Beyond just skipping it, it seems like you could skip the type
properties lookup as well if the value to be cached is null.

* I do not see any logic in here for resetting the already-cached status
in an existing ExprState tree. You're going to need that for cases
where Params are given a new value. I don't think I trust the
assumption that this is never true for EXTERN parameters, and in any
case you're leaving a whole lot of the potential benefit of the patch on
the table by ignoring the possibility of caching executor-internal
parameters. I would rather see, for example, a ReScan call on a plan
node running around and resetting caching of all expression trees
attached to the plan node if its chgParam isn't empty.

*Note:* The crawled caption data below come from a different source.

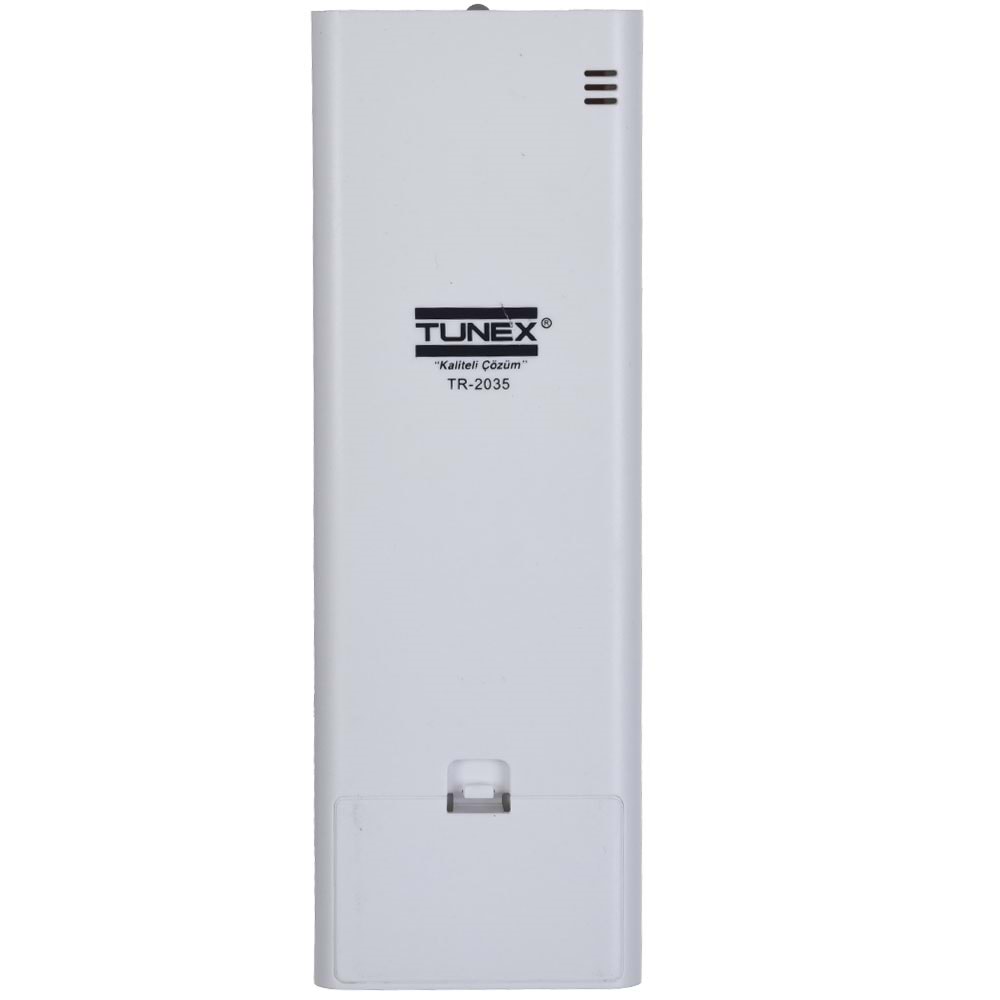 TUNEX Diamond - Electric - Franke Klima Kumandası TR-2035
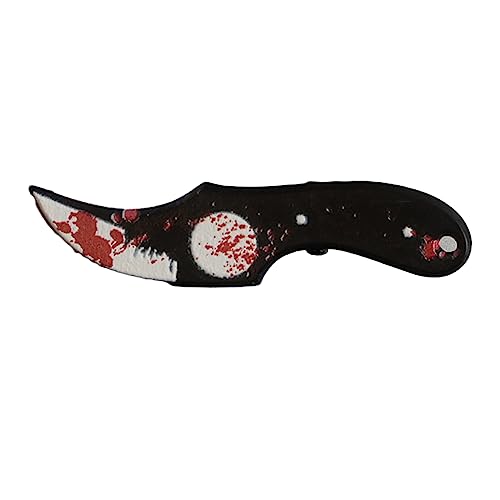 Ghosted Princess Scissor Blutflecken Haarclip Handgefertigtes Kopfschmuck Messer Form Gruseliger Knall Clip Duckbill Clip Ghosted Princess Scissor Blutflecken Haarclip Handgefertigtes Kopfschmuck Messer Form Gruseliger Knall Clip Duckbill Clip von BABYVIVA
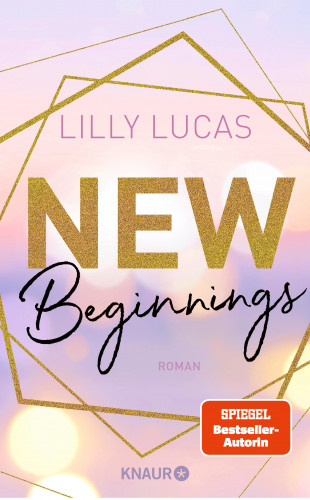 Lilly Lucas: New Beginnings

* I think you should consider getting rid of the extra argument to
ExecInitExpr, as well as the enable flag in CacheExprState, and instead
driving cache-enable off a new flag added to EState, which should
probably initialize to "caching OK" since that's what the majority of
callers seem to want. That would get rid of a fair amount of the
boilerplate changes, as well as being at least as convenient to use,
maybe more so.

* In the same vein, I think it would be better to avoid adding
the extra argument to eval_const_expressions_mutator and instead pass
that state around in the existing "context" struct argument. In
particular I am entirely unimpressed with the fact that you can't pass
the extra argument through expression_tree_mutator and thus have to dumb
the code down to fail to cache underneath any node type for which
there's not explicit coding in eval_const_expressions_mutator.

* This is pretty horrible:

+ * NOTE: This function is not indempotent. Calling it twice over an expression
+ * tree causes CacheExpr nodes to be removed in the first pass, then re-added
+ * in the 2nd pass. Make sure it only gets called once.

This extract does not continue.